Date: Tue, 27 Jun 2017 13:58:03 -0700
From: "Paul E. McKenney" <paulmck@linux.vnet.ibm.com>
To: Andrea Parri <parri.andrea@gmail.com>
Cc: linux-kernel@vger.kernel.org, priyalee.kushwaha@intel.com,
        drozdziak1@gmail.com, arnd@arndb.de, ldr709@gmail.com,
        tglx@linutronix.de, peterz@infradead.org, josh@joshtriplett.org,
        nico@linaro.org, kjlx@templeofstupid.com, vegard.nossum@oracle.com,
        torvalds@linux-foundation.org, dcb314@hotmail.com,
        fengguang.wu@intel.com, fweisbec@gmail.com, riel@redhat.com,
        rostedt@goodmis.org, mingo@kernel.org, stern@rowland.harvard.edu,
        luc.maranget@inria.fr, j.alglave@ucl.ac.uk
Subject: Re: [GIT PULL rcu/next] RCU commits for 4.13
Reply-To: paulmck@linux.vnet.ibm.com
References: <20170612213754.GA7201@linux.vnet.ibm.com>
 <20170614025404.GA2525@andrea>
 <20170614043317.GK3721@linux.vnet.ibm.com>
 <20170614143322.GA3368@andrea>
 <20170614202329.GV3721@linux.vnet.ibm.com>
 <20170619162428.GA9632@andrea>
MIME-Version: 1.0
Content-Type: text/plain; charset=us-ascii
Content-Disposition: inline
In-Reply-To: <20170619162428.GA9632@andrea>
User-Agent: Mutt/1.5.21 (2010-09-15)
Message-Id: <20170627205802.GY3721@linux.vnet.ibm.com>
Sender: linux-kernel-owner@vger.kernel.org
Content-Length: 18402
Lines: 477

On Mon, Jun 19, 2017 at 06:24:28PM +0200, Andrea Parri wrote:
> On Wed, Jun 14, 2017 at 01:23:29PM -0700, Paul E. McKenney wrote:
> > On Wed, Jun 14, 2017 at 04:33:22PM +0200, Andrea Parri wrote:
> > > On Tue, Jun 13, 2017 at 09:33:17PM -0700, Paul E. McKenney wrote:
> > > > On Wed, Jun 14, 2017 at 04:54:04AM +0200, Andrea Parri wrote:
> > > > > On Mon, Jun 12, 2017 at 02:37:55PM -0700, Paul E. McKenney wrote:
> > > > > > Hello, Ingo,
> > > > > > 
> > > > > > This pull request is unusual in being a single linear set of commits,
> > > > > > as opposed to my usual topic branches.  This is due to the many
> > > > > > large-footprint changes, which means that reasonable topic branches
> > > > > > result in large numbers of merge conflicts.  In addition, some commits
> > > > > > depend on other commits that should be on different topic branches.

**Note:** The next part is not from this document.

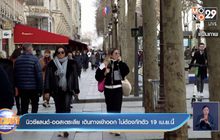 นิวซีแลนด์-ออสเตรเลีย เดินทางเข้าออก ไม่ต้องกักตัว 19 เม.ย.นี้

> > > > > > I will return to the topic-branch style next time.
> > > > > > 
> > > > > > The largest feature of this series is shrinking and simplification,
> > > > > > with the following diffstat summary:
> > > > > > 
> > > > > >  79 files changed, 1496 insertions(+), 4211 deletions(-)
> > > > > > 
> > > > > > In other words, this series represents a net reduction of more than 2700
> > > > > > lines of code.
> > > > > > 
> > > > > > These commits were posted to LKML:
> > > > > > 
> > > > > > 	http://lkml.kernel.org/r/20170525215934.GA11578@linux.vnet.ibm.com
> > > > > 
> > > > > I did raise some issues (AFAICT, unresolved) concerning...
> > > > > 
> > > > > 
> > > > > > 
> > > > > > Two of these commits (46/88 and 48/88) have been deferred, most likely
> > > > > > to v4.14.  All of the remaining commits have been subjected to the 0day
> > > > > > Test Robot and -next testing, and are availiable in teh git repository at:
> > > > > > 
> > > > > >   git://git.kernel.org/pub/scm/linux/kernel/git/paulmck/linux-rcu.git for-mingo
> > > > > > 
> > > > > > for you to fetch changes up to 6d48152eafde1f0d0a4a9e0584fa7d9ff4fbfdac:
> > > > > > 
> > > > > >   rcu: Remove RCU CPU stall warnings from Tiny RCU (2017-06-08 18:52:45 -0700)
> > > > > > 
> > > > > > ----------------------------------------------------------------
> > > > > > Arnd Bergmann (1):
> > > > > >       bcm47xx: Fix build regression
> > > > > > 
> > > > > > Paul E. McKenney (83):
> > > > > >       rcutorture: Add lockdep to one of the SRCU scenarios
> > > > > >       rcutorture: Add three-level tree test for Tree SRCU
> > > > > >       rcutorture: Fix bug in reporting Kconfig mis-settings
> > > > > >       rcutorture: Add a scenario for Tiny SRCU
> > > > > >       rcutorture: Add a scenario for Classic SRCU
> > > > > >       rcu: Prevent rcu_barrier() from starting needless grace periods
> > > > > >       rcutorture: Correctly handle CONFIG_RCU_TORTURE_TEST_* options
> > > > > >       rcutorture: Update test scenarios based on new Kconfig dependencies
> > > > > >       srcu: Eliminate possibility of destructive counter overflow
> > > > > >       rcu: Complain if blocking in preemptible RCU read-side critical section
> > > > > >       rcuperf: Defer expedited/normal check to end of test
> > > > > >       rcuperf: Remove conflicting Kconfig options
> > > > > >       rcu: Remove obsolete reference to synchronize_kernel()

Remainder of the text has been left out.